**Given records**
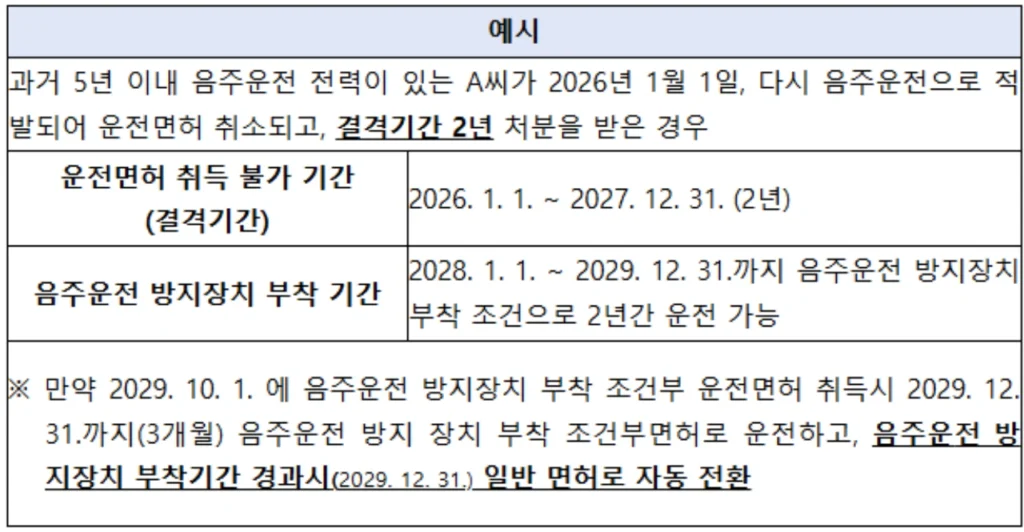 음주운전-방지장치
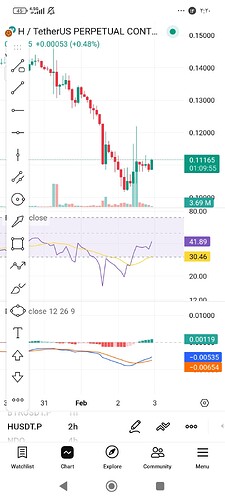 Screenshot_۲۰۲۶-۰۲-۰۳-۰۲-۲۰-۰۵-۴۲۹_com.tradingview.tradingviewapp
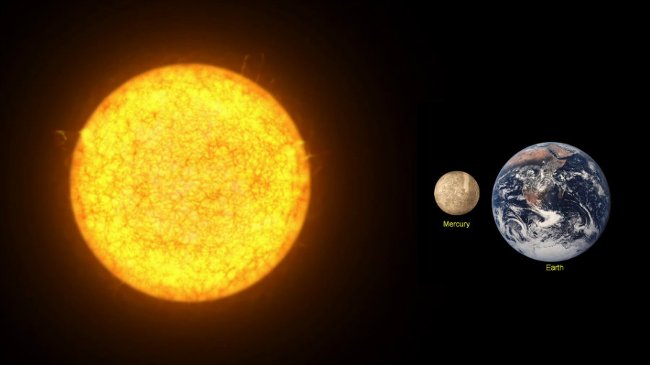 Sao Thủy và Mặt trời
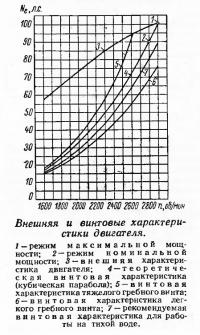 Внешняя и винтовые характеристики двигателя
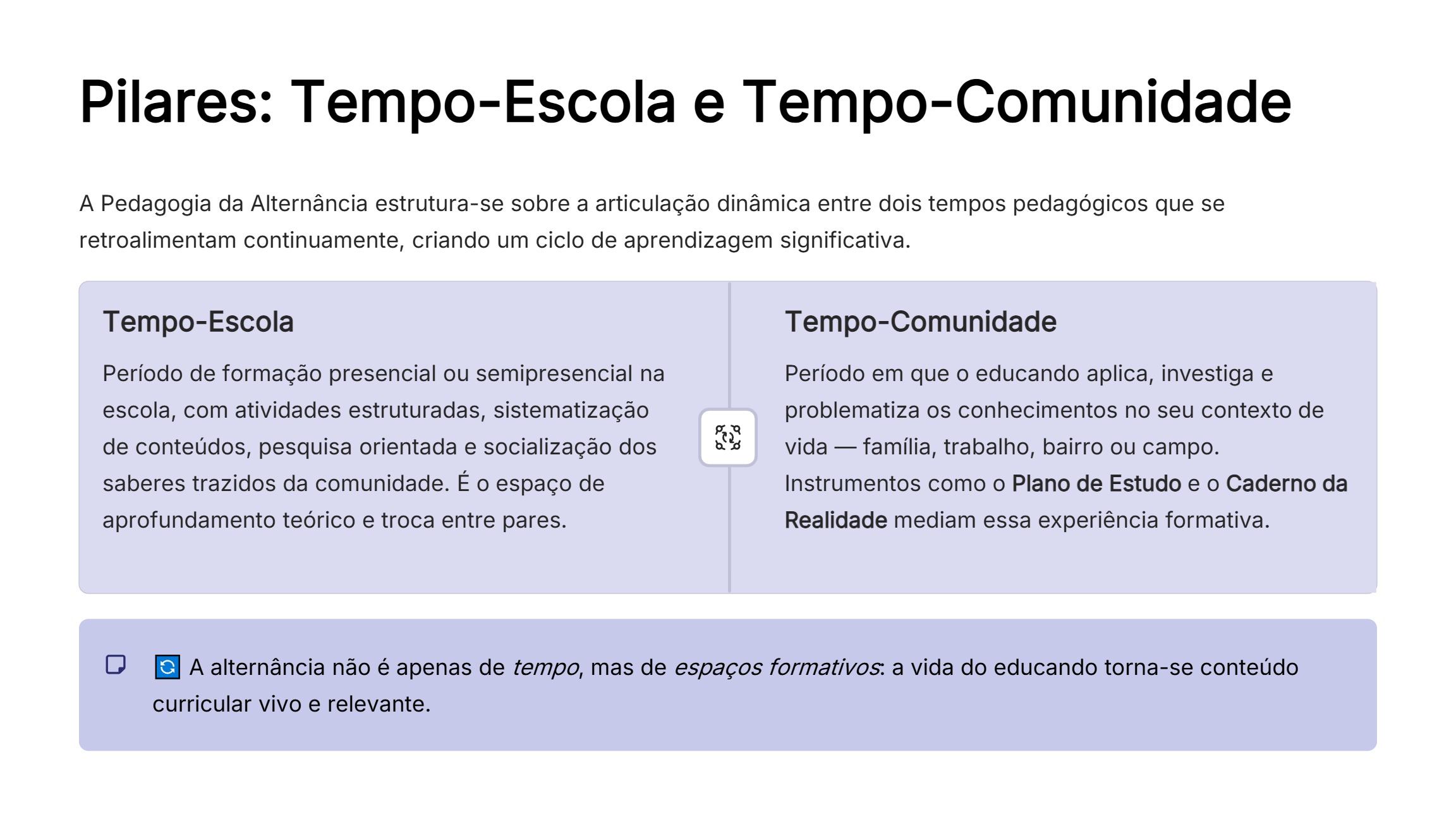 2026.04.02 - Pedagogia da Alternância e Círculos de Cultura Virtual (2º Encontro) — page 5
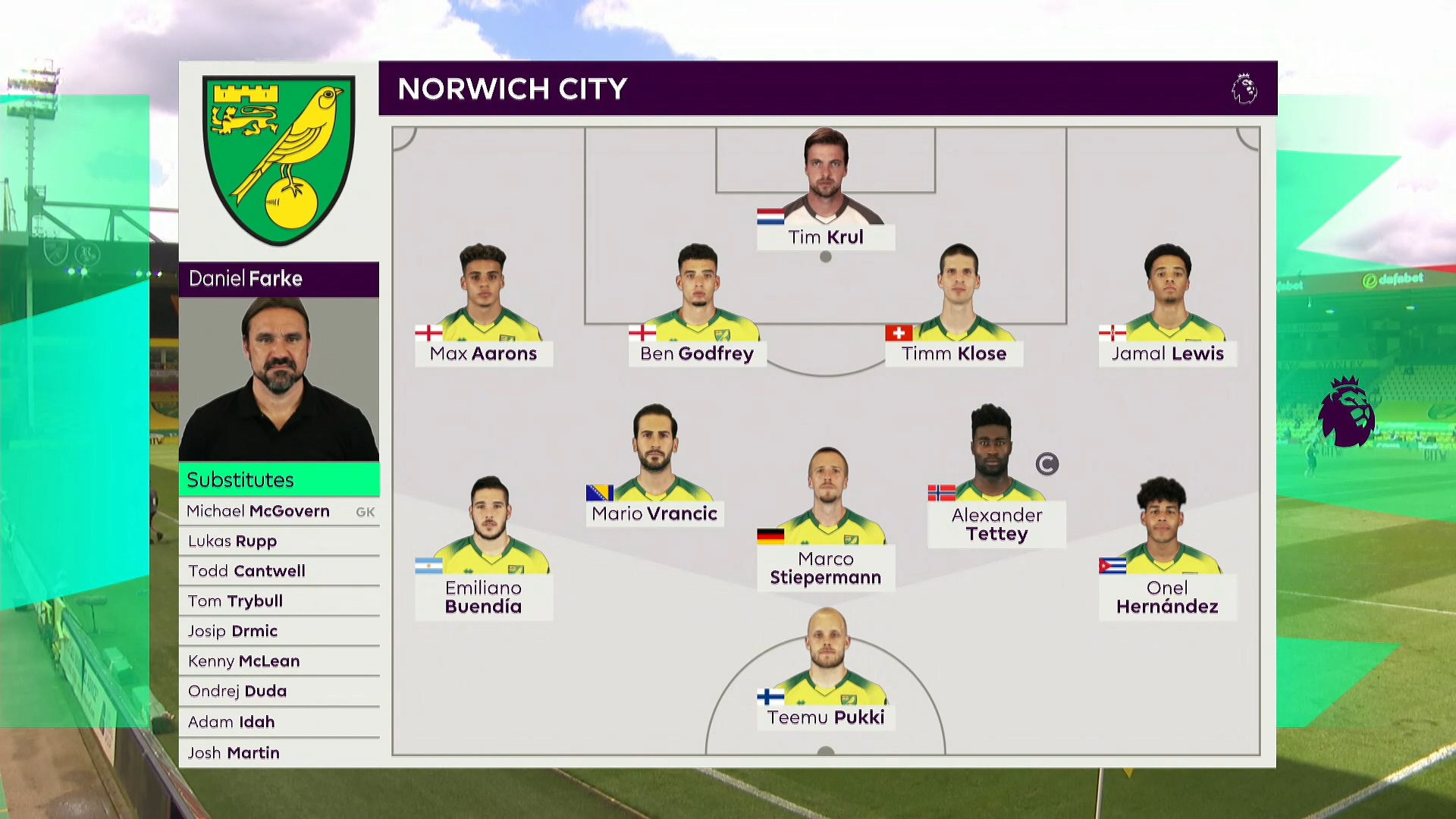 Чемпионат Англии 2019-2020 35-й тур Норвич Сити - Вест Хэм Okko Спорт.mkv_20200712_135528.890.jpg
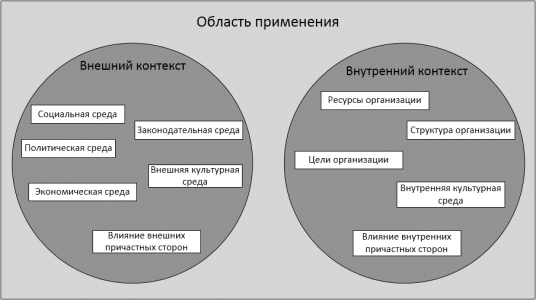 C:\Users\Andrey\Desktop\Снимок.PNG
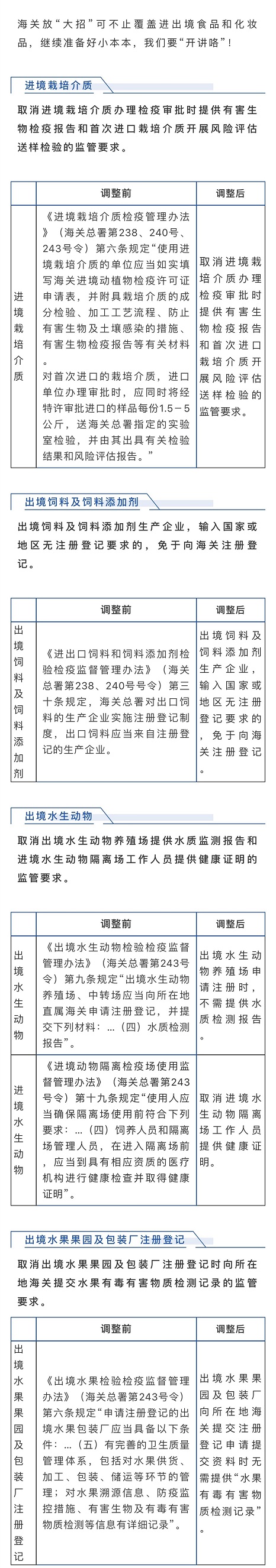 解读 调整前、调整后,对比更清晰(第二弹) 解读 调整前、调整后,对比更清晰(第二弹)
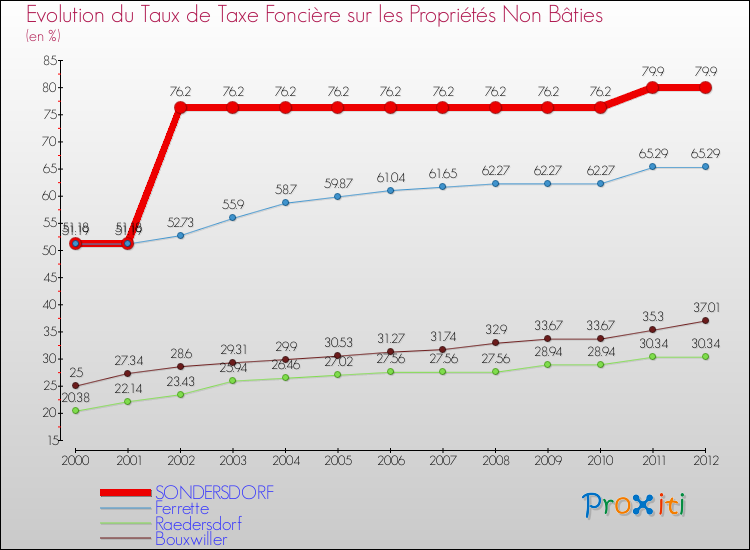 Evolution du taux de la taxe foncière sur les immeubles et terrains non batis pour SONDERSDORF et les communes proches de 2000 à 2012 Comparaison des taux de la taxe foncière sur les immeubles et terrains non batis pour SONDERSDORF et les communes voisines de 2000 à 2012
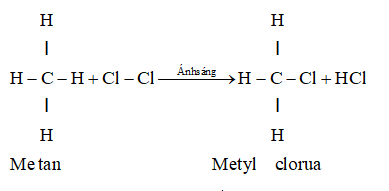 Tính chất của methane CH4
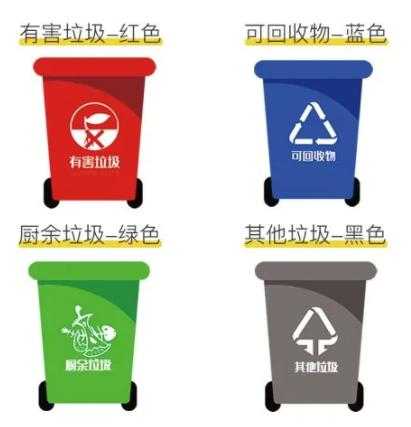 黑色垃圾桶放哪种垃圾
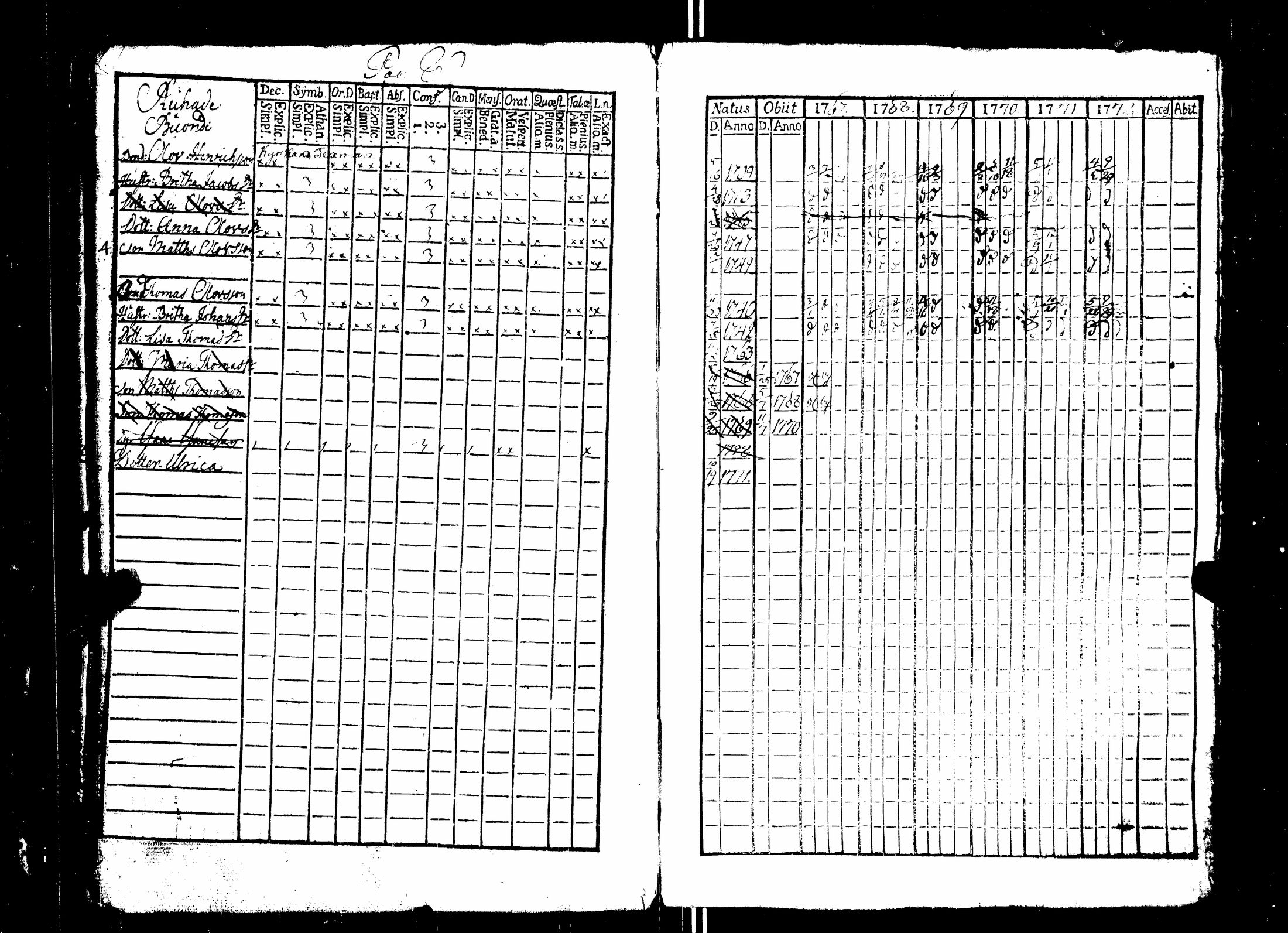 [ ../kirjat/Kirkonkirjat/nakkila/rippikirja_1765-1778_jk550/kuvat/145.jpg ]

**Problem details**
Exactly the lines from the one containing "Tính chất của methane CH4" through the end of the data above: repeat those, both ends included, and nothing else. Skip the pictures.

**Task result**
 Tính chất của methane CH4
 黑色垃圾桶放哪种垃圾
 [ ../kirjat/Kirkonkirjat/nakkila/rippikirja_1765-1778_jk550/kuvat/145.jpg ]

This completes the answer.